"Let us know our wood as we do our hands, and work with it in common respect and harmony." — James Krenov
William Marples & Sons was a major Sheffield, England hand-tool firm that, amazingly, produced handmade wooden planes up until the 1960s. Marples was selling wooden planes made by the London firm Moseley & Son as far back as the early 1860s. (Goodman's British Planemakers puts the date at 1873 but Roger P. Ball tracked down what might be the only remaining copy of Marples' 1861/2 catalog, which shows an extensive listing of planes.) Marples bought out Moseley in the 1890s and moved the planemaking operations to Sheffield in 1904.
In the 1930s Marples introduced a line of machine-made planes (the BB "British Beechwood" series) but a few men would continue crafting planes by hand for another 30 years. Norman Bayliss was the last molding plane maker. This film is from 1962, a few years before Marples stoped selling wooden planes.
The video is broken up into three sections; each one shows Bayliss working on a different plane. The third section, which starts at about 11:16, does the best job of showing how he marks out the profile, and then uses a backing plane — which has the reverse curvature of the plane being made — to shape it, and then files the iron to perfectly match the profile. Bayliss, who was born in 1921, works fast. It's hard to tell because of the editing but I think it takes him about 15 minutes to make one of the planes.
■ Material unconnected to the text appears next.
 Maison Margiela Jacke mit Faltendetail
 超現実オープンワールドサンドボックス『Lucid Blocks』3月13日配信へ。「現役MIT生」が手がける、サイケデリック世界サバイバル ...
Albert Bock was Marples' last wooden bench plane maker. Filmed in 1965, the year before he retired, the video shows him making a jack plane from start to finish. If you use antique wooden planes, you may have wondered how tight the mouth on bench planes should be compared to their metal cousins. After years of use the mouth on a wooden plane widens and it's hard to get a sense of its original size. Based on the video, Marples' were probably slightly larger than a Stanley. While metal planes were by far the most popular style by the 1960s, both Bayliss and Bock appropriately use only wooden bench planes.
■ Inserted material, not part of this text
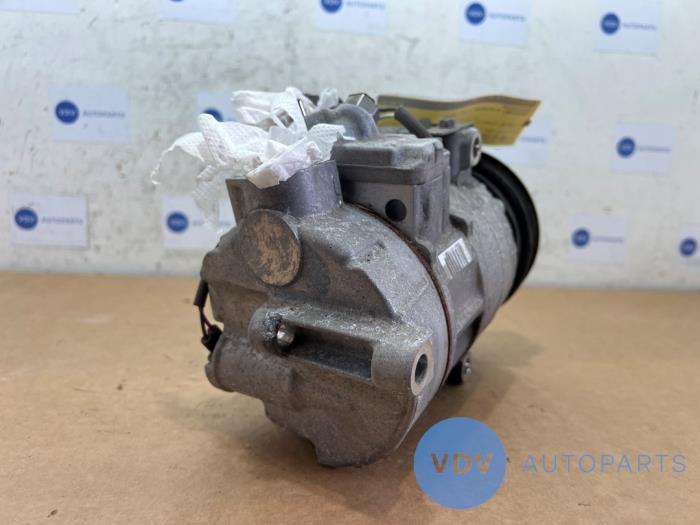 Klimapumpe Mercedes B-Klasse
I can’t read German so I'm not entirely sure of all the details, but in 2017 a Swiss manufacturing company built a 23.4 foot by 6.9 foot (7.13 meter by 2.1 meter), 2.6 ton functional wooden plane. The plane was pushed by eight people and made three 39 foot (12 meter) shavings. I could only track down a few build photos but they're impressive. It topped the previous world record, a 21.3 foot (6.5 meter), 2.5 ton plane made by an Austrian company in 2003.
Happy New Year!
–Abraham
Thanks for this, Abraham! Verrry interesting stuff. I especially appreciated the included videos. Happy New Year!